Da Finanza E Dintorni @finanzadintorni

Il Ftse Mib  ha chiuso la seduta a 21.442 punti, registrando un -1,73%.

Il bilancio settimanale è pari ad un -0,79%.

Grafico su base giornaliera:

Grafico nr. 1 – Ftse Mib – Massimi decrescenti

Si osservi come il rialzo avviatosi dal minimo del 15 aprile (20.818 punti) si sia interrotto ancor prima di raggiungere il precedente picco (22.210 del 4 aprile).

Tale andamento ci permette di disegnare una trendline di massimi decrescenti, aspetto grafico chiaramente negativo.

Ora è proprio il minimo a 20.818 punti ad assumere particolare rilevanza grafica: una eventuale sua rottura aprirebbe lo spazio per una nuova accelerazione ribassista della discesa in corso.

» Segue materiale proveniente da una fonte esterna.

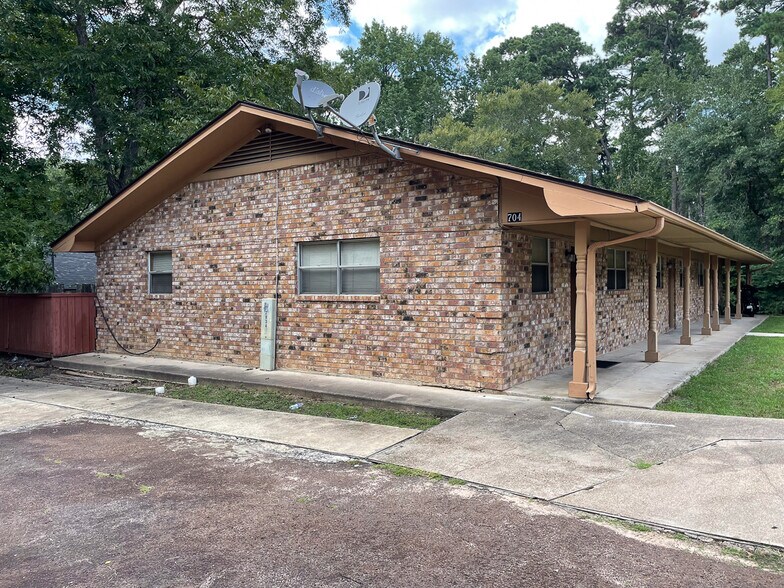 More Photos Of 704 Cline St, Huntsville Apartments For Sale
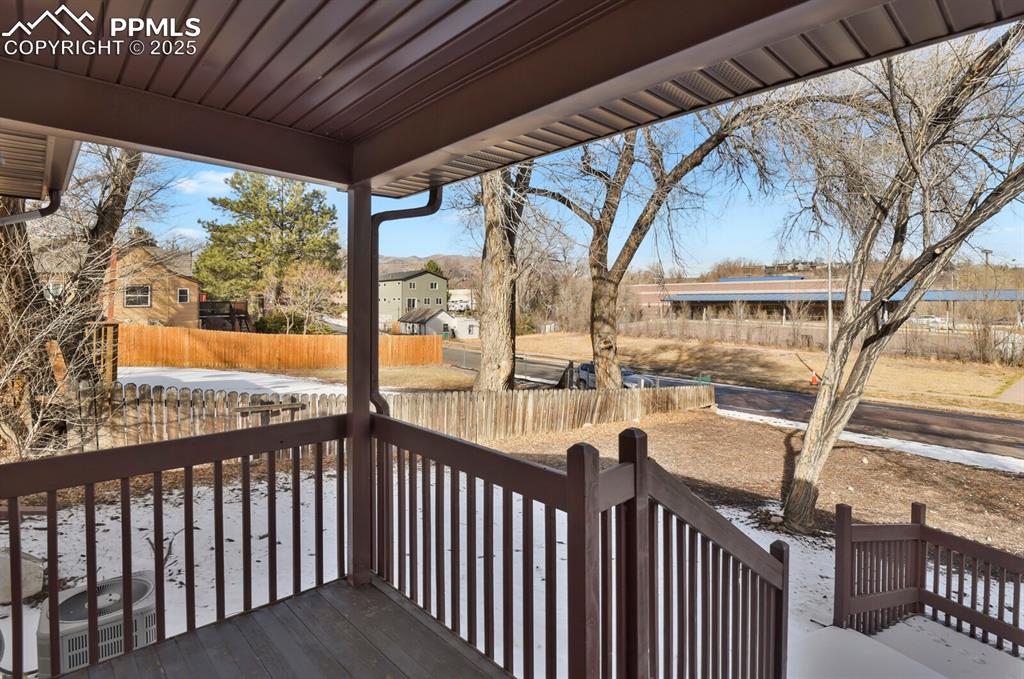 2409 Robinson Street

La precedente settimana s’è esaminata approfonditamente la situazione dell’RSI settimanale:

“In parole semplici, si è sempre molto vicini alla soglia di ipercomprato ed il rischio che l’RSI ripieghi nuovamente verso il basso per scivolare a valori ben più profondi da quelli visti è da tenere in considerazione.

Se effettivamente ciò dovesse verificarsi le vendite sul Ftse Mib non sarebbero terminate.”.

Grafico:

Grafico nr. 2 – Ftse Mib – RSI a 14 settimane

Seppur lievemente, in questa settimana l’RSI su base settimanale ha effettivamente ripiegato e con esso il Ftse Mib, come ipotizzato.

Ora controlliamo l’andamento della settimana del nostro listino:

Grafico nr. 3 – Ftse Mib – Andamento settimanale

Possiamo notare la discesa verificatasi proprio nella parte conclusiva della settimana, la più significativa.

Riassumendo, abbiamo:

  1. massimi decrescenti;
  2. RSI in fase di ripiegamento e comunque ancora vicino all’area di ipercomprato (si rimanda all’ultima analisi Ftse Mib: analisi RSI);
  3. discesa nella parte finale della settimana.

Sulla base di questi elementi (al quale va peraltro aggiunta la debolezza del settore bancario rispetto all’Ftse Mib) ritengo probabile una prosecuzione del calo in corso.

Reputo inoltre lecito attendersi una rottura del minimo a 20.818 punti, evidenziato nel grafico nr. 1.